Big or small data “The data may not contain the answer. The combination of some data and an aching desire for an answer. The combination of some data an an aching desire for an answer does not ensure that a reasonable answer be extracted from a given body of data”

Experimental Design

What should I care about experimental design. It’s really easy to focus on the outcome and overlook an error with the numbers.

  • Care about the analysis plan.
  • It’s critical to pay attention to all aspects of the design and analysis of study. Pay attention to the data cleaning, to data analysis and the reporting so the key issues in the study don’t trip you up.

Question: Does changing the text on your website improve donations?

Experiment:

Formulate your question in advance

  1. Randomly show visitors one version or the other
  2. Measure ho much they donate
  3. Determine which is better

Data Science is a scientific discipline. Science demands you are answering a specific question when you are using data.

Compared two versions of the website. Randomly show visitor two versions. Measure how much they donate to figure out which is better.

Statistical inference – a key component of data science.

Confounding – What are the other variable that are causing a relationship.

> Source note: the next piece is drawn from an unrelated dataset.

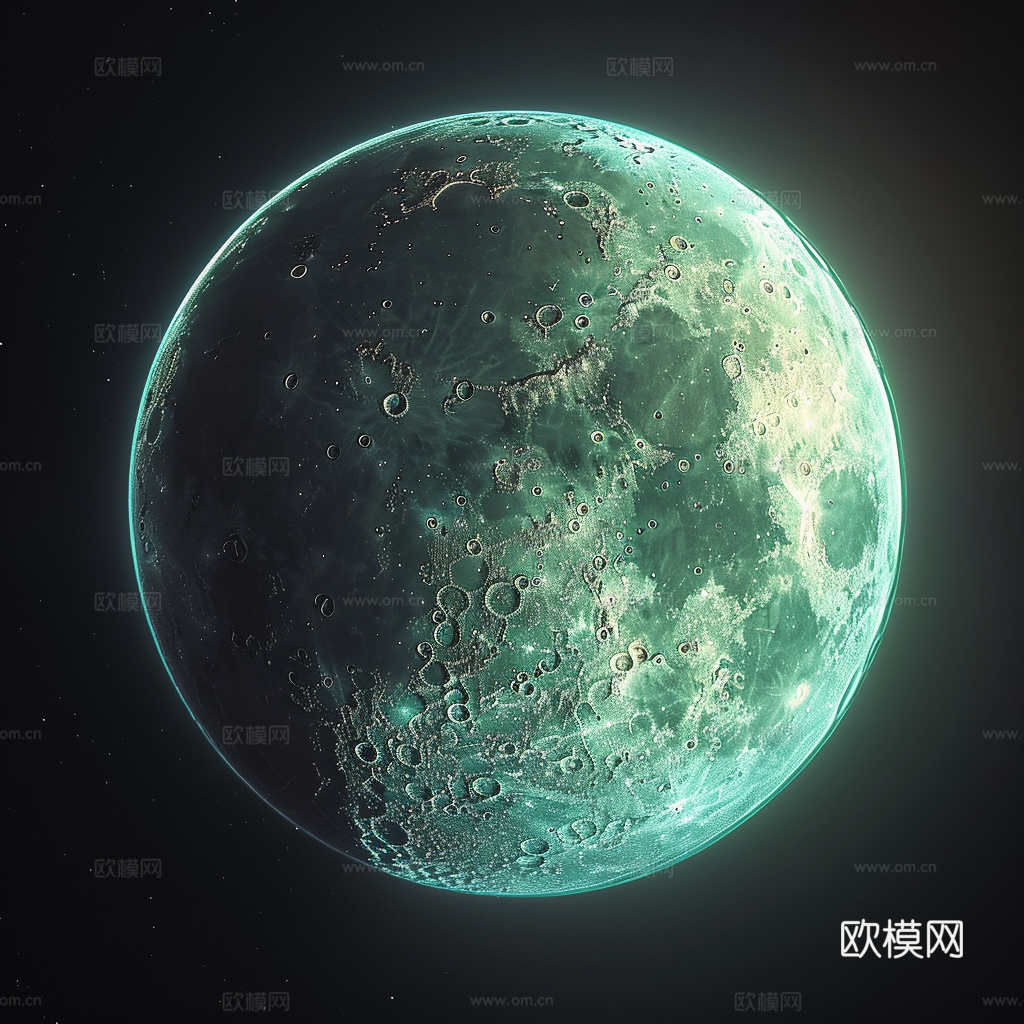 月球灯星球月亮陨石表表面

  • Randomization and blocking
    • If you can and want to fix a variable
      • Website always says Obama 2012
    • If you don’t fix a variable, stratify it.
      • If you are testing sign up phrases and have two websites colors, use both phrases equally on both.
    • If you can’t fix a variable, randomize it.
    • Why does randomization help?
      • Because it eliminates the possibility that the non-random variable is a factor or not.

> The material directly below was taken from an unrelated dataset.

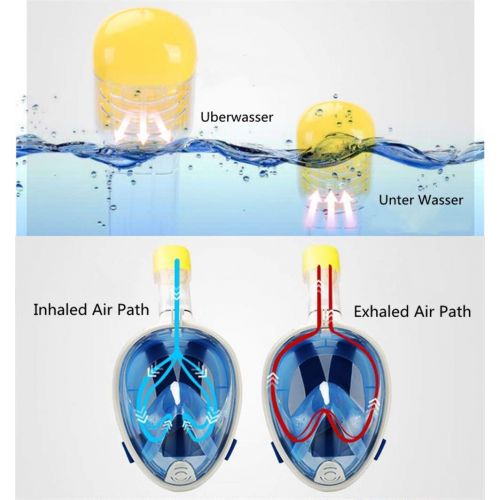  CHENYU Vollmaske Schnorchelmaske Tauchmaske Vollgesichtsmaske mit 180° Sichtfeld, Dichtung aus Silikon Anti-Beschlag Wasserdicht Anti-Leck Technologie fuer Erwachsene und Kinder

Both shoe size and literacy, the bigger the show the more literate someone is, but what’s happening is a baby and child have small feet and less literacy. Age is actually the factor not show size.

Correlation is not causation

Prediction Take a sample of people with Cancer. Take a set of data and separate out the folks that responded to chemotherapy on ones that did not. Then create a function, where you can determine who will and who won’t respond to chemotherapy.

Is challenging than inference

Prediction vs. Inference – the more separated the groupings

Prediction key quantities

  • Sensitivity
    • There probability that you have a disease, given that the test was positive
  • Specificity
    • The probability that you have no disease with a negative test
  • Postive Predictive Value
    • The probability that you have a positive test, that you have a disease
  • Negative Predictive Value
    • If you have a negative test, what is the probability that you have the disease
  • Accuracy
    • This is the probability that you were correct in the outcome.

Beware data dredging

Summary

Good experiments

  • Have replication
  • Measure variability
  • Generalize to the problem you care about
  • Are Transparent

Prediction is not inference

  • Both can be important

Beware of data dredging

  • Data dredging (also data fishing, data snooping, and p-hacking) is the use of data mining to uncover patterns in data that can be presented as statistically significant, without first devising a specific hypothesis as to the underlying causality.